Seizure and forfeiture of counterfeit property.

570.105. 1. Any items bearing a counterfeit mark, and all personal property, including but not limited to, any items, objects, tools, machines, equipment, instrumentalities or vehicles of any kind, employed or used in connection with a violation of section 570.103 or this section shall be seized by any law enforcement officer. All seized personal property shall be forfeited in accordance with section 513.600, et seq.

2. Upon the request of the intellectual property owner, all seized items bearing a counterfeit mark shall be released to the intellectual property owner for destruction or disposition. If the intellectual property owner does not request release of seized items bearing a counterfeit mark, such items shall be destroyed unless the intellectual property owner consents to another disposition.

(L. 1998 H.B. 1779)

Issuing a false instrument orcertificate--penalty.

570.110. 1. A person commits the offense of issuing a false instrument or certificate when, being authorized by law to take proof or acknowledgment of any instrument which by law may be recorded, or being authorized by law to make or issue official certificates or other official written instruments, he or she issues such an instrument or certificate, or makes the same with the purpose that it be issued, knowing:

(1) That it contains a false statement or false information; or

(2) That it is wholly or partly blank.

2. The offense of issuing a false instrument or certificate is a class A misdemeanor.
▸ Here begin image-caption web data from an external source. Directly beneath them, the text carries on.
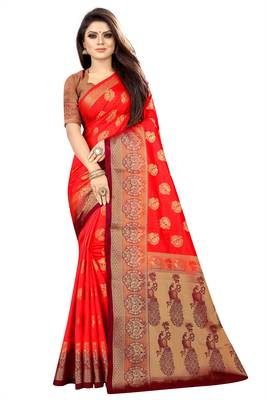 orange woven art silk saree with blouse 1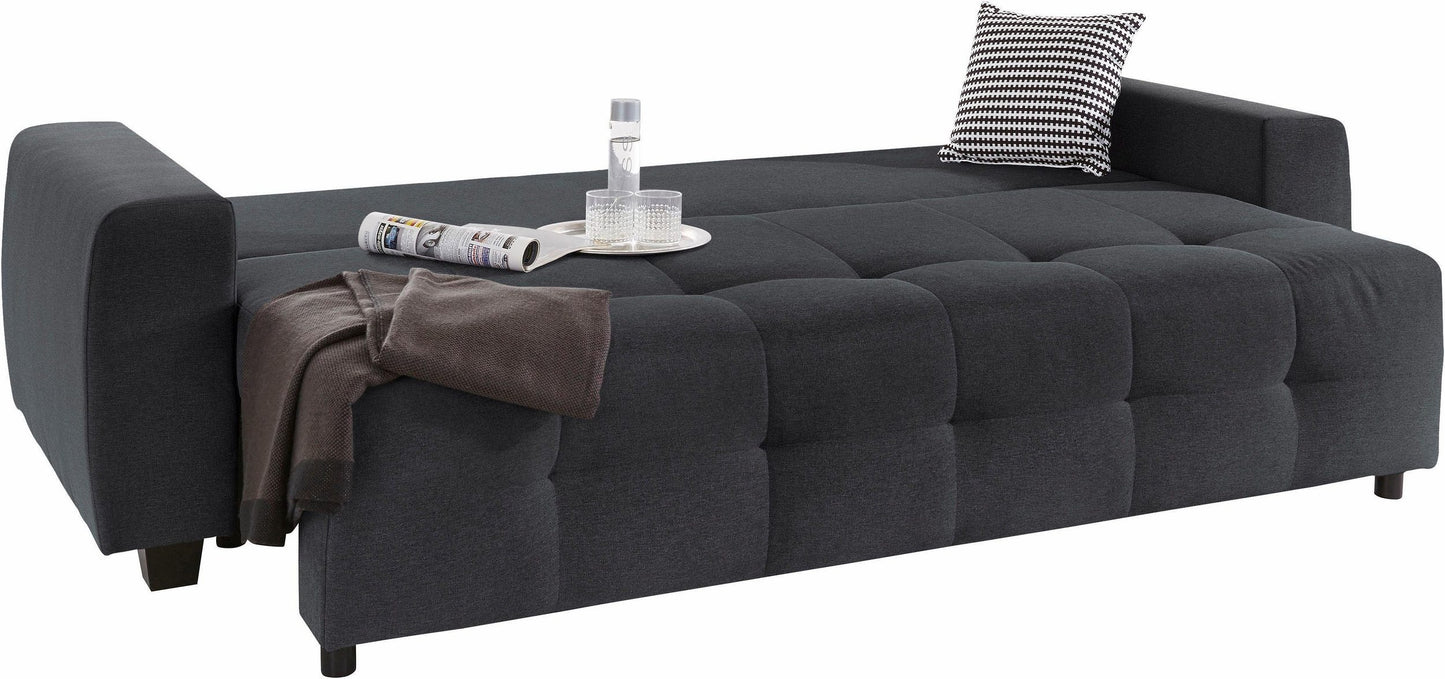 Sofa Beech Wood Linen Dark Grey 230×90
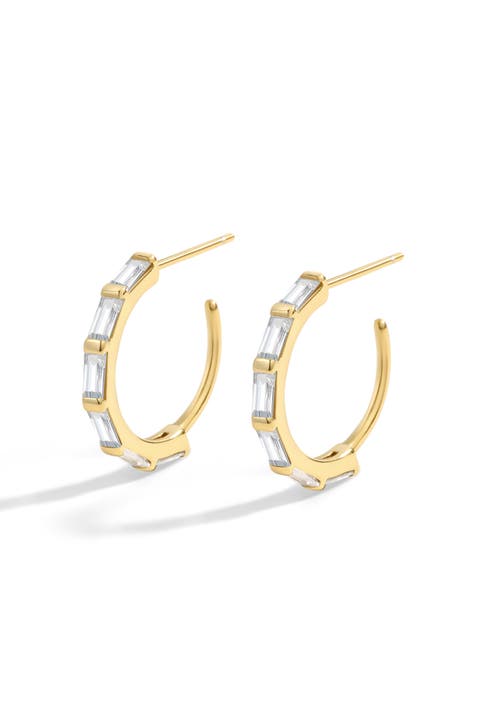 Baguette Cubic Zirconia Hoop Earrings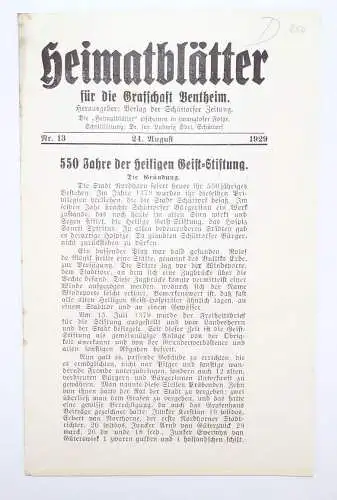 Heimatblätter für die Grafschaft Bentheim 1929 Nr. 13 Schüttorfer Zeitung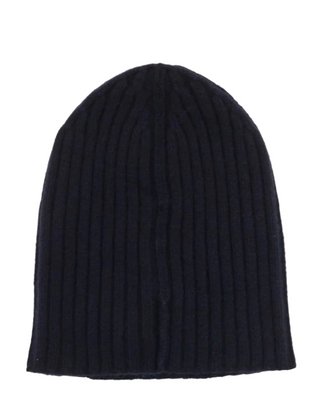 Tom Ford Ribbed Knit Beanie with Logo Patch Navy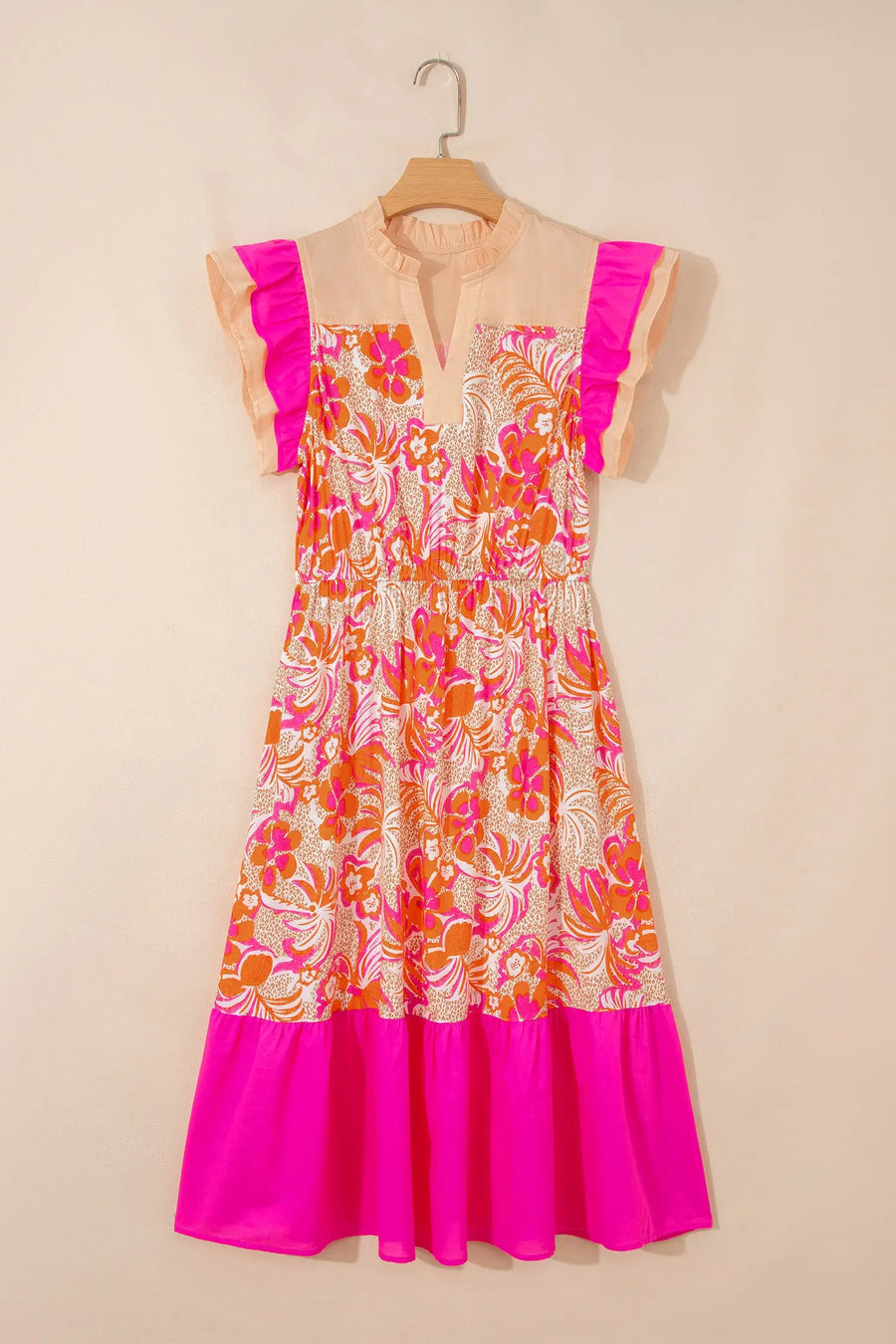 Rose Floral Color Block Ruffled Short Sleeve Midi Dress Women UK — side view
(L. 1977 S.B. 60, A.L. 2014 S.B. 491)

Effective 1-01-17

Crime of passing bad checks,penalty--actual notice given, when--administrative handlingcosts, amount, deposit in fund--use of fund--additional costs,amount--payroll checks, action, when--service charge may becollected--return of bad check to depositor by financialinstitution must be on condition that issuer is identifiable.

570.120. 1. A person commits the offense of passing a bad check when he or she:

(1) With the purpose to defraud, makes, issues or passes a check or other similar sight order or any other form of presentment involving the transmission of account information for the payment of money, knowing that it will not be paid by the drawee, or that there is no such drawee; or

(2) Makes, issues, or passes a check or other similar sight order or any other form of presentment involving the transmission of account information for the payment of money, knowing that there are insufficient funds in or on deposit with that account for the payment of such check, sight order, or other form of presentment involving the transmission of account information in full and all other checks, sight orders, or other forms of presentment involving the transmission of account information upon such funds then outstanding, or that there is no such account or no drawee and fails to pay the check or sight order or other form of presentment involving the transmission of account information within ten days after receiving actual notice in writing that it has not been paid because of insufficient funds or credit with the drawee or because there is no such drawee.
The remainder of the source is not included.